When the winds and clouds were right, Rivers and his men would watch planes pass overhead, clouds of spray coming from them. Several times he and his men were sprayed. “I’d say, ‘At least we don’t have to use bug repellant,’” he noted, laughing, during an interview. That was a big plus, they thought, for them as well as Army Rangers who were also training out in the bayous of the Florida panhandle, where mosquitoes and other bugs could make life miserable.

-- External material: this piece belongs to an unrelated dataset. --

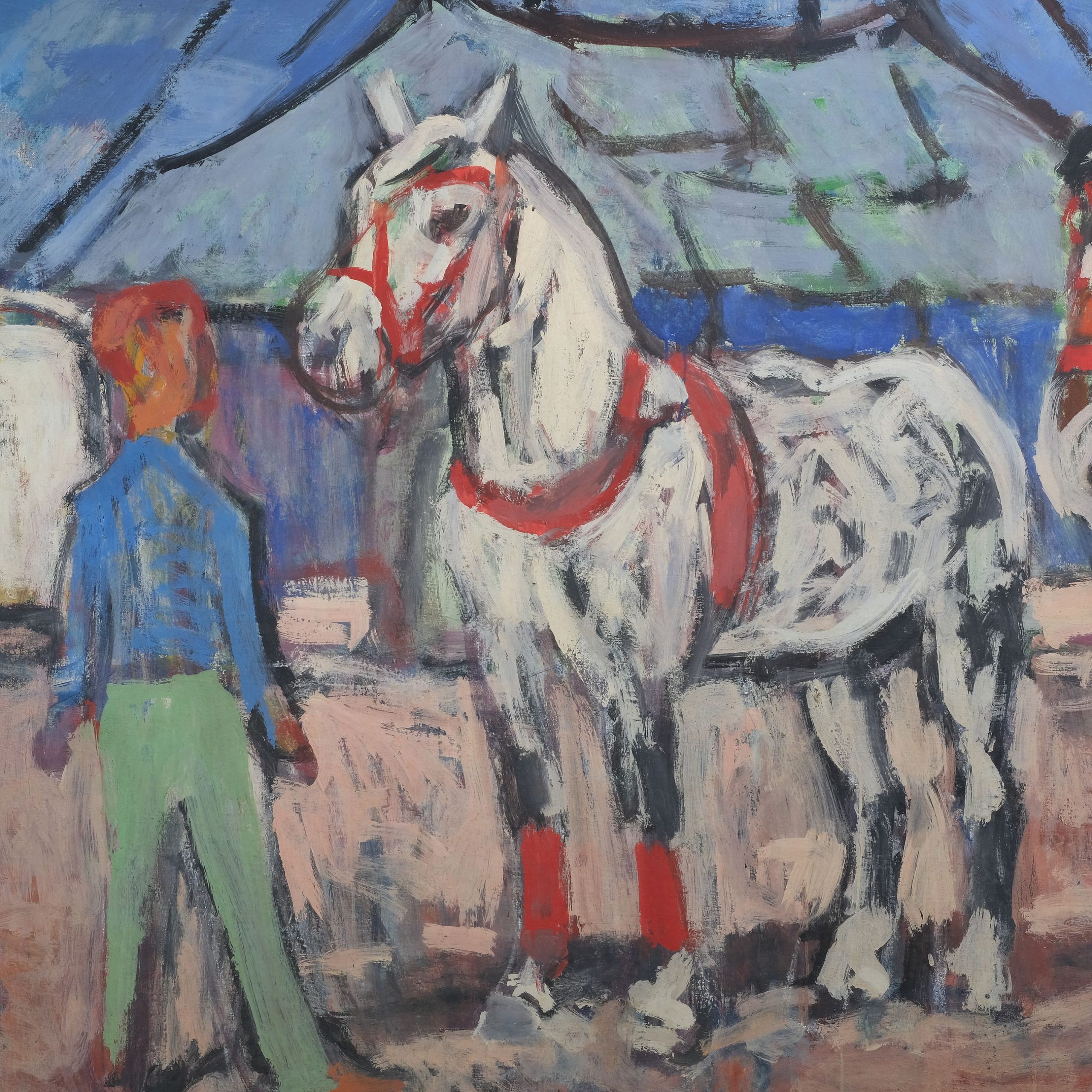 Fritz Winkler Percherons vor Zirkuszelt Kunsthandlung Kühne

Rivers and the students thought they were watching the Air Force spray DDT to kill mosquitoes. What was actually being sprayed, he said, was Agent Orange. Documents show that gallons of the defoliants Agent
Orange, Agent Purple, and Agent White were sprayed at Eglin. In fact, according to officials overseeing the program, the Air Force sprayed a test area on the base with more dioxin than any similar area in Vietnam. The fact that Agent Orange was sprayed in Florida for eight years was not widely known then or even today. Only in the last several years has the documentation on the spraying been made publicly available by Alvin Young, an Air Force scientist for more than 15 years at Eglin. Young oversaw a huge research project evaluating how massive spraying of Agent Orange at the Florida air force base affected its soil, water, plants, fish, and animals.